地上三十階書店にいけば、結構な冊数が入荷していて、平積み。やあこれは嬉しいと手に取って、しかしこの表紙の醸す雰囲気はなんだか意外な感じでありました。ぱりっとメリハリの利いてキャッチーな、なんかすごく普通の漫画っぽいのですよ。こんなことをいうと『しすこれ』や『まん研』が普通じゃないみたいですが、もちろんそんなことをいいたいわけではなくて、ある種のフェティシズム的傾きのある作風が、見事なまでに隠蔽されていて、もしかしたら中身もそうなのか!? とわくわくしながら開いたら、やっぱり作風は変わらずでありました。がっかりはしていない!

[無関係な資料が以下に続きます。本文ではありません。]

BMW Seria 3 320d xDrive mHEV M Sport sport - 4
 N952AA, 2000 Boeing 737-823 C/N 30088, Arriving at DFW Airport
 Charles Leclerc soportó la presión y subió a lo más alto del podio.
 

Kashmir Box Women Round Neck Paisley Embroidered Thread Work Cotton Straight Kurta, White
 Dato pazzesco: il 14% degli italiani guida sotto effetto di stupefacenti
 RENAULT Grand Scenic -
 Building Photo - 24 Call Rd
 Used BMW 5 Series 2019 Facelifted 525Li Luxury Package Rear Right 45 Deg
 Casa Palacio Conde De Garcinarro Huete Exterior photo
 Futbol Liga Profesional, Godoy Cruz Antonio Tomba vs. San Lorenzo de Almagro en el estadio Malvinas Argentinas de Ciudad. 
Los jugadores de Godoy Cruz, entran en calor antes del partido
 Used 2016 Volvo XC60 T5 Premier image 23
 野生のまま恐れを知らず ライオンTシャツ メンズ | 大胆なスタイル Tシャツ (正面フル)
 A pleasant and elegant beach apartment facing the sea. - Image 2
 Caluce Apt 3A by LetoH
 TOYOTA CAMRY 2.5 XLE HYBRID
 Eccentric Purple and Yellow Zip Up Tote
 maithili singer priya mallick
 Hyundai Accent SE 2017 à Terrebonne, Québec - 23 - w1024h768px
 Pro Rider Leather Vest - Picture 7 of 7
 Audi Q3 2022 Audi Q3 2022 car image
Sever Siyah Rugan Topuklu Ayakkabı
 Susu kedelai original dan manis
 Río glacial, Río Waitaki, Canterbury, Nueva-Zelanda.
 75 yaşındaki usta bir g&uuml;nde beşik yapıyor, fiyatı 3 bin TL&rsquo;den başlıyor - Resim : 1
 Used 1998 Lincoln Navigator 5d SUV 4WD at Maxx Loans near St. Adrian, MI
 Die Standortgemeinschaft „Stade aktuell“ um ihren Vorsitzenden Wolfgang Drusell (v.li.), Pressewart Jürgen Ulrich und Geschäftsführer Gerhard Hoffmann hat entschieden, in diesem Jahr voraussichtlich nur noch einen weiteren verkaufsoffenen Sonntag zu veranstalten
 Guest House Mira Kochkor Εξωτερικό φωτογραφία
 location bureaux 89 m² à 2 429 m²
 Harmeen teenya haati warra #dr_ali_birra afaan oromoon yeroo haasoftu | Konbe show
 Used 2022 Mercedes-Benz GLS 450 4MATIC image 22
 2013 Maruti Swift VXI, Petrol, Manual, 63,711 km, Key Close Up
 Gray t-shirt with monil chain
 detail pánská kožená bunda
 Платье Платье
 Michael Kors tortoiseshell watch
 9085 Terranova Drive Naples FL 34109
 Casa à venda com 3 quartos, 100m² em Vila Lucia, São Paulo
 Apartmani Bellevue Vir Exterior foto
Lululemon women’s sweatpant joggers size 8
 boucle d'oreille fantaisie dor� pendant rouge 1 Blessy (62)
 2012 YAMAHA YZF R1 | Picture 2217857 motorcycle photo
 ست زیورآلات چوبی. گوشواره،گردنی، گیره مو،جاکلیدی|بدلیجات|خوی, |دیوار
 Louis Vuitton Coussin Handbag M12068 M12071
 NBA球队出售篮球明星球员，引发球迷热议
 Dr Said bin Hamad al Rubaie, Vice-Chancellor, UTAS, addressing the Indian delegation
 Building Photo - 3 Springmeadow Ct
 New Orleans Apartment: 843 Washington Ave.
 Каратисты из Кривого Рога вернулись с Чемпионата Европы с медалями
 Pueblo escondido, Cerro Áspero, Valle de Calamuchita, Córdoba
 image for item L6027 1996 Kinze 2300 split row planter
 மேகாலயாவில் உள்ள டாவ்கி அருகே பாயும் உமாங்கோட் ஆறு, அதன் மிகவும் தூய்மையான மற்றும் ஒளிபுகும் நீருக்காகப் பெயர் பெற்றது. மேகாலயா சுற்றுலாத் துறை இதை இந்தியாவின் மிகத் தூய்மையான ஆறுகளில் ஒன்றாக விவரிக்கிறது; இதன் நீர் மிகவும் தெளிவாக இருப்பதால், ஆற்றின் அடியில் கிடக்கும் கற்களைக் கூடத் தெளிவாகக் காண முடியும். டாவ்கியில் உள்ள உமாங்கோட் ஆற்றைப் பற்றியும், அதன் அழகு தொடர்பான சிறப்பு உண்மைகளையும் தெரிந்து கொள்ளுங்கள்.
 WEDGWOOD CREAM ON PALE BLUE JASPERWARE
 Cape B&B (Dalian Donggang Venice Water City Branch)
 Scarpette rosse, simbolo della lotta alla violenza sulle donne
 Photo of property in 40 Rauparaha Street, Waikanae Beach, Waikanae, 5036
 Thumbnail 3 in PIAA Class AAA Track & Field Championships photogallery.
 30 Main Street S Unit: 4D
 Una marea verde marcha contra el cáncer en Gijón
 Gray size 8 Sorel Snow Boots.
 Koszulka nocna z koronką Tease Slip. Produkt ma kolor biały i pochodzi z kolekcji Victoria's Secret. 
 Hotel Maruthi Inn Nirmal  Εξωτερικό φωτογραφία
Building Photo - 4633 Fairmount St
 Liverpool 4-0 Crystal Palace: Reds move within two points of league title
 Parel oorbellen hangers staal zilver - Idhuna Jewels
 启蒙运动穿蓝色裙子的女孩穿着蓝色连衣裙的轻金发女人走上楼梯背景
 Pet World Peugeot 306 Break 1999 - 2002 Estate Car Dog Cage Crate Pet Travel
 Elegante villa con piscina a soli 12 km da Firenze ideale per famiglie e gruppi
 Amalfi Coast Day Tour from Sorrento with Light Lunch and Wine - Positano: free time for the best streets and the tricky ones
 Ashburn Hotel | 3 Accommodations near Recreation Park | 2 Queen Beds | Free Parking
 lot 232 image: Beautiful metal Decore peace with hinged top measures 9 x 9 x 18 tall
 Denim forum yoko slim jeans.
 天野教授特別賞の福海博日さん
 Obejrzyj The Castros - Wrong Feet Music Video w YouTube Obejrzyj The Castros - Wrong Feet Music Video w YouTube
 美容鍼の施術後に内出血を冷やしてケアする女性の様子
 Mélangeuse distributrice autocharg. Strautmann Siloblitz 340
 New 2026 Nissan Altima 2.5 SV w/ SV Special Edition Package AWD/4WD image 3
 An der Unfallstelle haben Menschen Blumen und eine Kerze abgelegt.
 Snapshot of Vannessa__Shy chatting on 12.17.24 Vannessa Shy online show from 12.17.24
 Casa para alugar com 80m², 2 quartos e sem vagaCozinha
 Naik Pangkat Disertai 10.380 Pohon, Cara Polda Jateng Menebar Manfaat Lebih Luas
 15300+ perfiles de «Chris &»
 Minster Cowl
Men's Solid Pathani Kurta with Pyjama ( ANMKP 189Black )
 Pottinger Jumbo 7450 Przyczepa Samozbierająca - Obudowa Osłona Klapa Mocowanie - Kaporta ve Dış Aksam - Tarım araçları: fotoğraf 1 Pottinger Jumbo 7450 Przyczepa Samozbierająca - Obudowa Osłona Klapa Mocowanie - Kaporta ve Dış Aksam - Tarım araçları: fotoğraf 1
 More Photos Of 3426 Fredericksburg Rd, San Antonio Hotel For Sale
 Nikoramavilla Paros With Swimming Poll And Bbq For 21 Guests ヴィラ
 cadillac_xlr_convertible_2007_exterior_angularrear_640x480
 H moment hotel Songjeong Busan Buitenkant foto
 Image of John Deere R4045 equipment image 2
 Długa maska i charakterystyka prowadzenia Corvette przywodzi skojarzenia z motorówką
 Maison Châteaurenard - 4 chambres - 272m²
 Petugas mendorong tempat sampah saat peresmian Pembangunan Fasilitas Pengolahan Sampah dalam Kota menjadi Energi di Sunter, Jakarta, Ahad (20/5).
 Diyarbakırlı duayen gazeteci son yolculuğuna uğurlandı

この人の作風っていったらなんなんだろう。すごくマイペースと感じられるところ。コスプレ色が強いところ。裸とかそれに近い状況が、結構な割合で出てくるんだけど、なんでかあんまりエロくないところ。これらがごちゃっと混ざり合って、独特のゆったりとしたテンションを出しているところ、なんだと思います。その、ゆったりのんびりのテンション、多分私はそれが好きなんだと思うんです。登場人物みんなが割合に好き勝手しているせいもあって、あんまり話がきりきり前に進まない。停滞気味の面白さ。けどそんなでもしっかり話は展開していくという不思議。実際、『魔法使いしかっ!!』もそんな感じでした。星のかけら争奪戦、ヒロインみうの持つ星のかけらを狙ってくるライバルたちを倒し、星のかけらゲットだぜ! 時にシリアスな表情を見せつつも、マイペースな突っ込みはかかさないから、緊張と弛緩の振れが交互に訪れて — 、いやどちらかといえば弛緩寄りかも。でも魔法少女たちの対決は面白かった。なんだかよくわからないのりで勝つという、脱力落ちとでもいったらいいの? そういうのもあったけど、策略巡らせているものも多くって、しっかりしてる! 結構な満足感の得られる、いい漫画だったと思います。
けど、やっぱりこの人の作風は健在だから、ええと、マイペースの方じゃなくて、コスプレの方。魔法少女戦のルールは、負けるとその人の考える恥ずかしい姿になるというものだから、裸になったりコスプレになったり、けどなかには切なくなるようなものもあって、なんか妙に襟を正すような思いになったんだけど、結局ハッピーな方向に向かうのがこの人のいいところだと思います。そういえば、この漫画、勝っても負けても、特に仕合せになるでなく、ましてや不幸になるでなく、皆で楽しく魔法少女戦を戦い抜きましたっていうあっけらかんとした明るさが最後に残ったのはさすがだなあ。
いつもながらの持ち味崩さず、盛り上がりもあり、後味はすっきりとして晴れやか。その朗らかさがいいじゃありませんか。明るく倒錯。大変よかったと思います。
- うおなてれぴん『魔法使いしかっ!!』(バーズコミックス) 東京:幻冬舎コミックス,2007年。